Preciado wasn’t a signatory on Pidegro’s bank account with Mr. Camp and Mrs. Down, according to documents and interviews. In court records, Mr. Liss said Mr. Camp had “primary” control of the Pidegro account.

As the money disappeared, so too did the company’s prospects.

Pidegro LLC shut down early in 2006, less than three years after its founding. Meanwhile, Mr. Camp and his business encountered other legal problems.

Last year, the Justice Department sued Mr. Camp and Universal Business along with a Texas accountant, saying they told tax clients — including at least seven former or current NFL players — that they could amend old tax returns to get big refunds from investments in a “sham” gold-mining company.

Mr. Camp disputed the accusations, but said he didn’t have the money to fight the federal lawsuit and was planning to retire anyway.

A different account

Despite her guilty plea, Preciado disputes just about every aspect of the government’s case against her. In a recent restitution hearing, she denied ever misleading the Valeses about the security of their loan.

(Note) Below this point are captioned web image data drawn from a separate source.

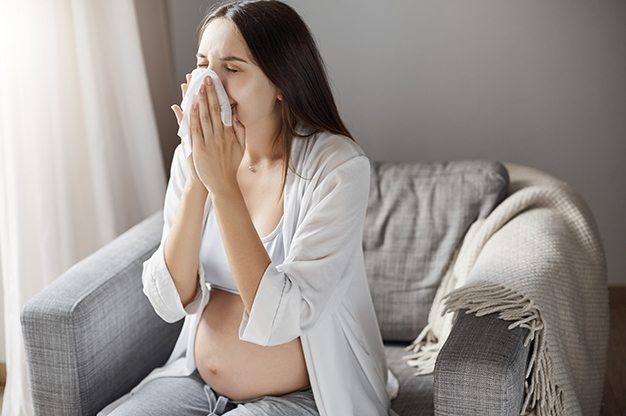 Đôi khi nhiễm trùng do vi rút hoặc vi khuẩn ở cổ họng, xoang, tai hoặc ngực của bạn có thể dẫn đến cảm lạnh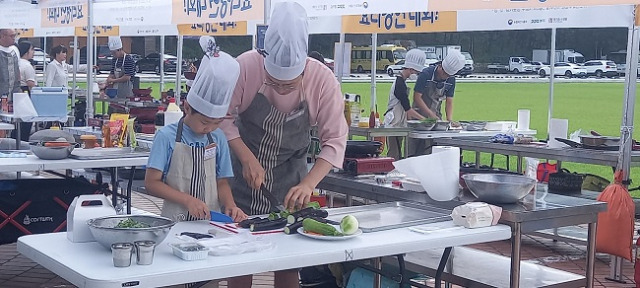 ▲지난해 '이야기가 있는 아빠 밥상' 대회 모집 ⓒ경기도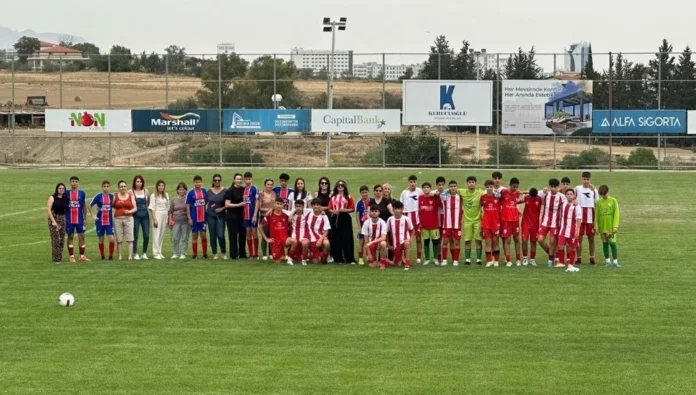 Anneler Günü'nde anlamlı jest: Gönyeli U14 oyuncuları, Göçmenköy oyuncularının annelerine çiçek verdi!-2025-05-11t115733160_1746953867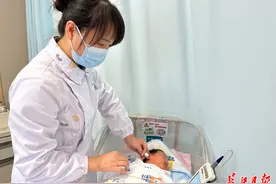 宝宝出生4天已通过三道筛查，省两会代表委员：推动筛查技术创新与研发图片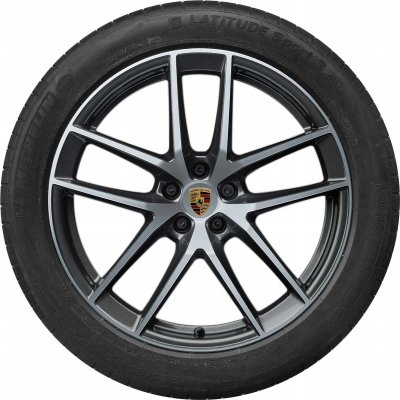 Porsche Wheel 95B044668D - 95B601025EJQU0 and 95B601025EKQU0
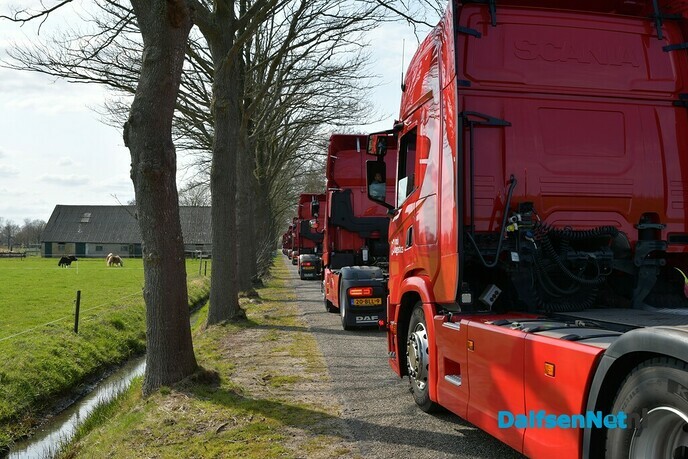 Collega’s MDI logistics brengen eerbetoon aan ernstig zieke collega - Foto: Johan Bokma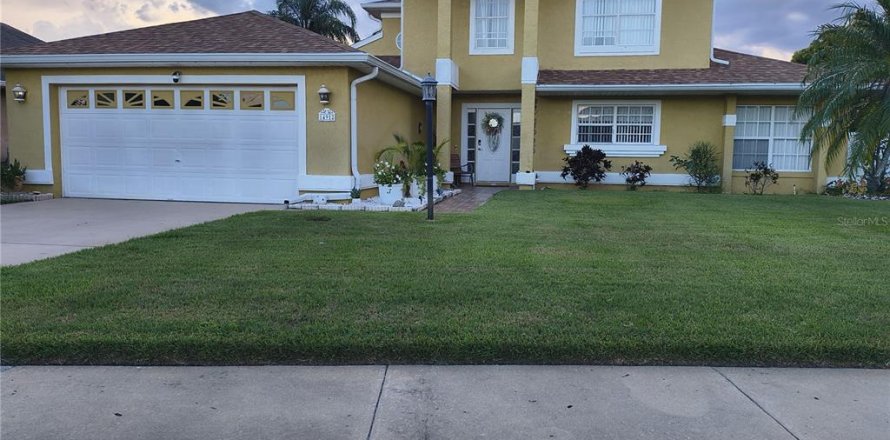 House in Orlando, Florida 4 bedrooms, 202.81 sq.m. № 1882781
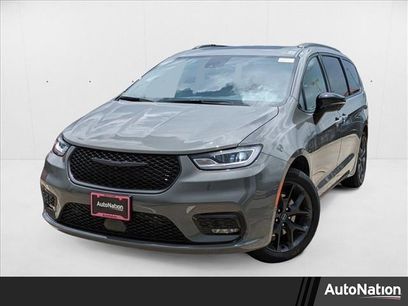 New 2025 Chrysler Pacifica Limited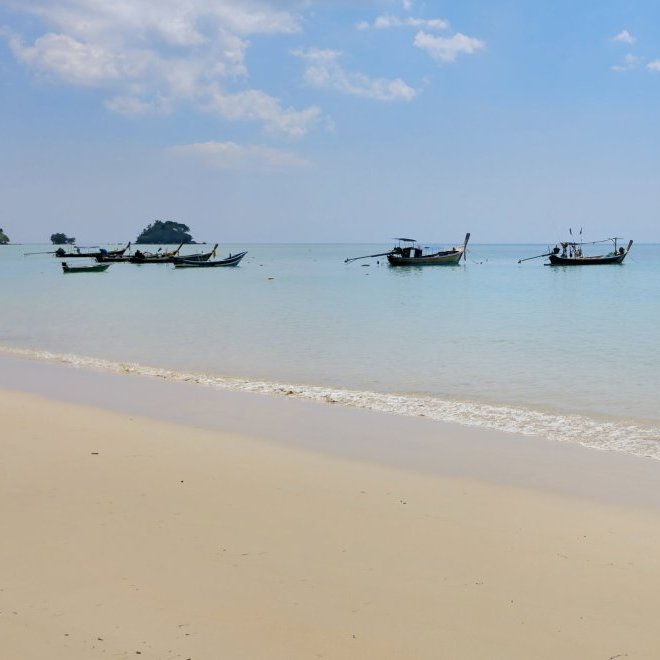 URGENT SALE: 2 bedroom apartment in The Title Halo 1 (ID 132)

She said Mr. Vales had done business with her in the past, including deals involving smaller unsecured loan transactions. “There is no history of deceit, there is a history of success” of past business between Mr. Vales and Preciado, said her defense lawyer, Mr. Shalleck.

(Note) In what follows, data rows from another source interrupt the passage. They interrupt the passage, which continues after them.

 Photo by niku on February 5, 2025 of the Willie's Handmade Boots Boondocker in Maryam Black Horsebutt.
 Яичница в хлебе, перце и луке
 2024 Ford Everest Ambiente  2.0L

In addition, Preciado said she told Mr. Vales about her involvement with Pidegro months before the loan. And while prosecutors say Preciado was “very persistent” in pitching the loan deal to the couple, she said it was Mr. Vales who first approached her.

Mr. Vales walked into my office and said, ‘You haven’t given me any loans,’” she testified, adding that Mr. Vales pushed for a higher interest rate.

Preciado also said she, too, was surprised when she found out Mrs. Down’s name wasn’t on the title of the Bethesda property. But she said that she told Mr. Vales, and he was willing to lend the $350,000 as a “personal loan.”

Finally, Mr. Shalleck said, Pidegro would have paid back Mr. Vales. He said the company even sent Mr. Vales a few checks. But the defense attorney said Pidegro collapsed once its officers became entangled in lawsuits over the loan deal.

Mr. Vales pulled the plug,” he said.

Yet after Mr. Shalleck and Preciado recounted her side of the story at a recent restitution hearing, Judge Algeo, who will sentence Preciado next month, wasn’t convinced.

“I think your client is a flat-out liar, and I send liars to jail who do this kind of thing for a long time,” he told Mr. Shalleck. “I do not believe a word she said.”